Re: Front shifting issues on a half-step setup



S

Sheldon Brown

Guest
Joe LoBuglio wrote:

> I've read most of the postings about half-step here; I respectfully ask
> that this not become another question as to if half-step is useful or
> outdated. I'd like to give it a try and a newly acquired bike gives me
> that chance.
>
> I am having two problems:
> 1. Shifting to inner chainring almost always causes the chain to miss
> the ring and fall inward onto the bottom bracket.
> 2. When shifting from inner chainring to the middle, the chain often
> overshoots and ends up between the middle and outer. It stays on top
> and between the rings rings while I pedal. If I am lucky I can just
> nudge it one way or the other. When unlucky it wedges between the two
> rings.
>
> It is a 1990 Trek 520 with mostly original components. The rear is a
> 12-28 hyperglide casset and the front is a 28-46-50 with round
> chainrings. (the 46 was my worn outer ring of my 21 speed mountain bike
> that is now, in its new position as a middle ring, flipped over. The
> others are Shimano rings circa 1990) I am using barcon shifters
> (indexed rear, friction front) and have a Shimano Deore II half-step
> front derailer. The chain is of unknown origin (unmarked) but looks
> like an older model (no powerlink) and measurements show it to be
> virtually unworn. All components have been cleaned and relubricated.
>
> Is the 46 to 28 jump just too far for reliable shifting


No.

> or is it an adjustment issue?


Probably not.

> It is wost when I am already in my 28 on the rear and
> then shift from the 46 to the 28. I've tried making the outer plate of
> the derailer more parallel to the chainrings (it was slightly inboard)
> but that hasn't helped. I've adjusted the inward stop with no avail (it
> happens even when shifting slowly so I didn't expect an improvement.) I
> suppose a chain watcher would help but that seems inelegant.

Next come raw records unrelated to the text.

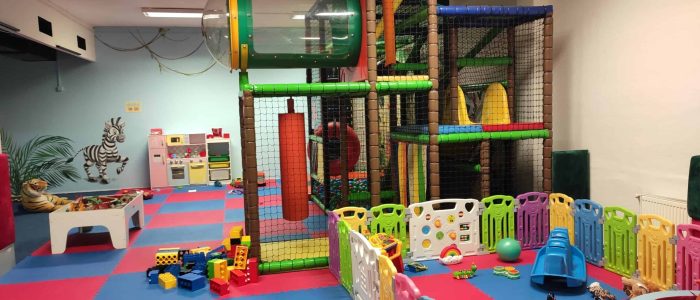 hernička pro menší i větší děti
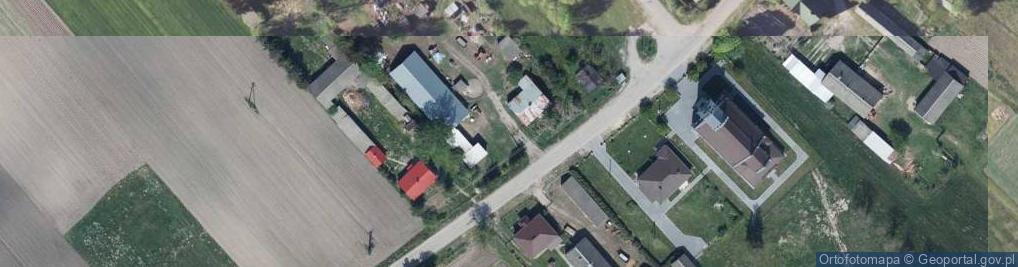 Zdjęcie satelitarne Korczówka ul.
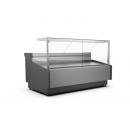 CARMEN | Counter with straight glass with built-in aggr. (D)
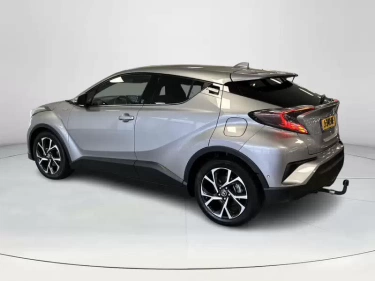 Foto van Toyota C-HR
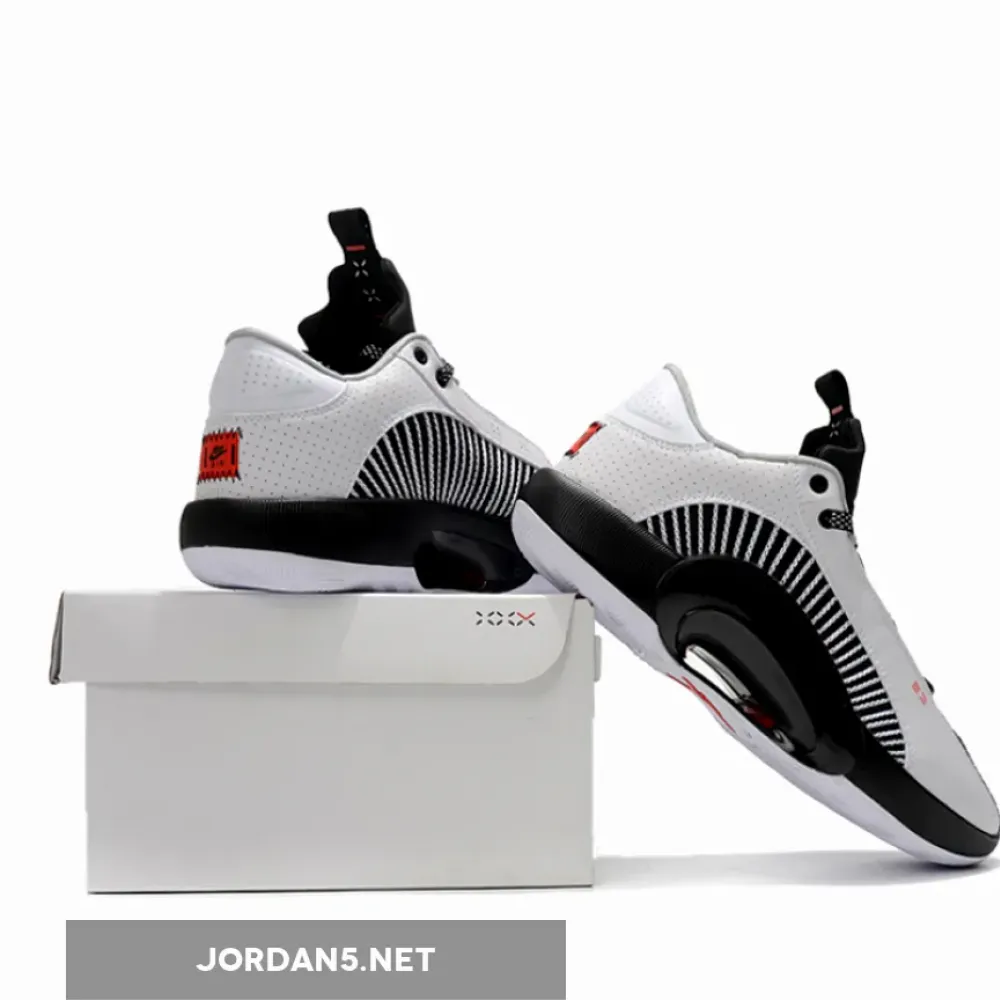 Air Jordan 35 Low ‘Black White’  CW2460-101
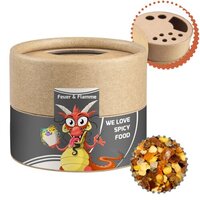 Bio Gewürzmischung Feuer und Flamme ca 40g Kraftpapierstreuer Mini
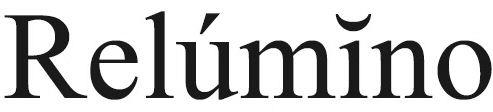 Relumino Device mark 3806711 Trademark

A chain watcher would fix that issue, but I'm pretty sure the root of
both problems is the middle chainring.

> About the chain going between the two larger rings, is this just
> because they are so close in size?


No.

> If I changed the 46 to the 47, would
> that be worse? Will a new chain (8 speed PC-48) make it worse? Perhaps
> a 9 speed center chainring will solve this.


You need a middle chainring _designed_ for the middle position. This
will put the teeth in the right plane, and you'll have the correct bevel
on the inner surface of the chainring.